Monday Movie Musings: The Zero Theorem (2014)

My favorite thing about Terry Gilliam movies is the sense of clutter, the oddity of the world yet no one seems to recognize the absurd.

In The Zero Theorem, you could argue that Qohen Leth recognizes it, but that's because he's such an outsider that he doesn't even refer to himself in the singular. He lives a monastic life, as much as he can when working for the mega-corporation Mancom. His entire existence revolves around a phone call that might give his life meaning, to the exclusion of all else. In an effort to work from home, Qohen catches the attention of management and is given a special job: to prove the Zero Theorem.

One thing I definitely took away from this movie is that this is almost an inversion of Brazil. They are similar in that it's a world built around numbers, absurdity, and work, but Qohen Leth and Sam Lowry are characters on different sides of the same coin. Whereas Sam is out for love and to follow his dreams, Qohen feels nothing and is only focused on finding his meaning in life - love is only an obstacle, connections are only an obstacle. Still, both are forced into more extreme levels in their respective worlds in order to achieve their goals.

Where Gilliam really shines is in world design - the aesthetic is all encompassing. We've got a party where everyone is dancing to their own music, listening on headphones to their tablets and phones. We've got people cycling as a part of their job as they essentially play video games that complete formulas.

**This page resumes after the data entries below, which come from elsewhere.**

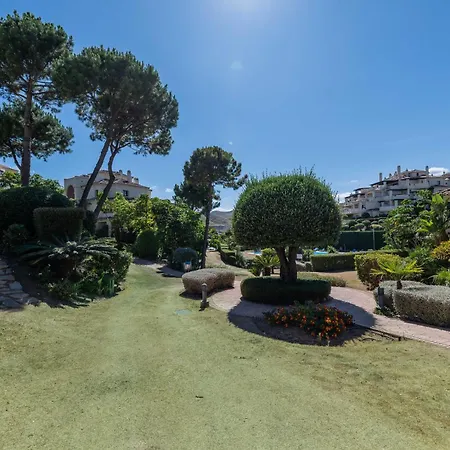 아파트 2-bed In Capanes Del Golf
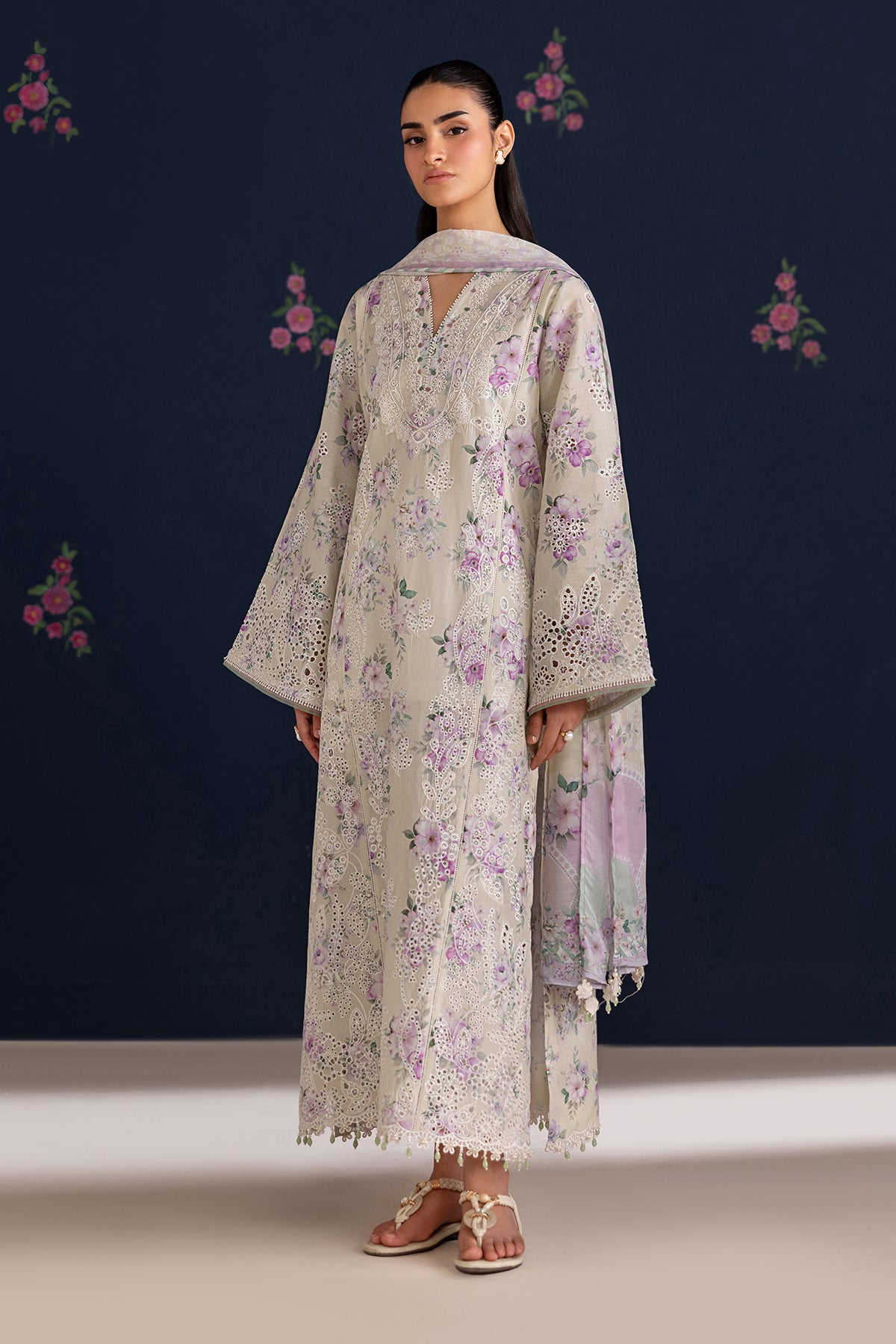 Baroque | Embroidered Lawn | SF-4470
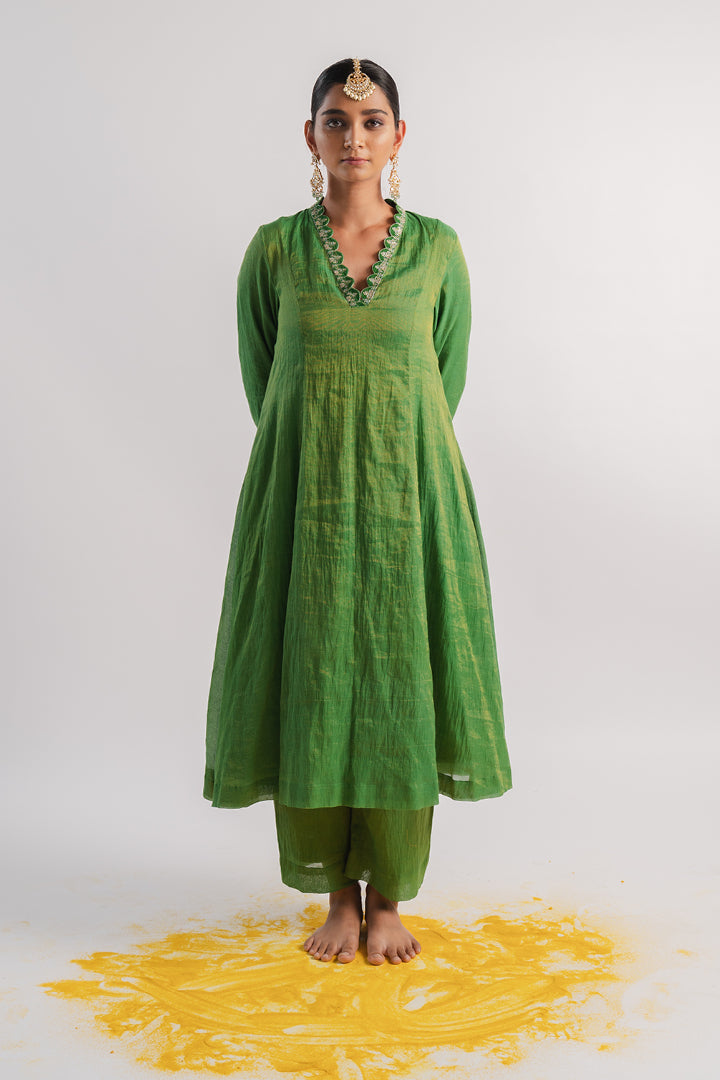 Green Embroidered V-Neck Tissue Kurta Set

Everyone's dressed in garish clothes while ads target them, including an awesome one for the Church of Batman, the Redeemer.

There are nods to love, friendship, and the soul. Some of it feels heavy-handed, but, then again, Gilliam hasn't been known for his subtlety. There were no characters that I felt were out of place and, I'm not ashamed to say this, I think this is one of his best movies. As of late, I've run into problems going back and watching his movies - Time Bandits, for me, has not aged well. I'm a huge fan of Brazil, but my old movie group did not understand it and the only way I've gotten people to revisit it is through the "Love Conquers All" version of the film.

As I mentioned previously, this movie as a whole seems like a counterpoint to Brazil. This feels like a "cleaner," more streamlined version of that story. If I didn't know better, I would've suspected this to be his answer to the opposition he had with Brazil, though you wouldn't have been able to tell any of this from the subpar marketing of this film. There's still the required Gilliam quirkiness, but even when it goes off the deep end, it quickly explains itself and reels itself back in. Another thing that I enjoyed about this movie is that, unlike Imaginarium, CG is used sparingly and enhances, rather than distracts, from the story.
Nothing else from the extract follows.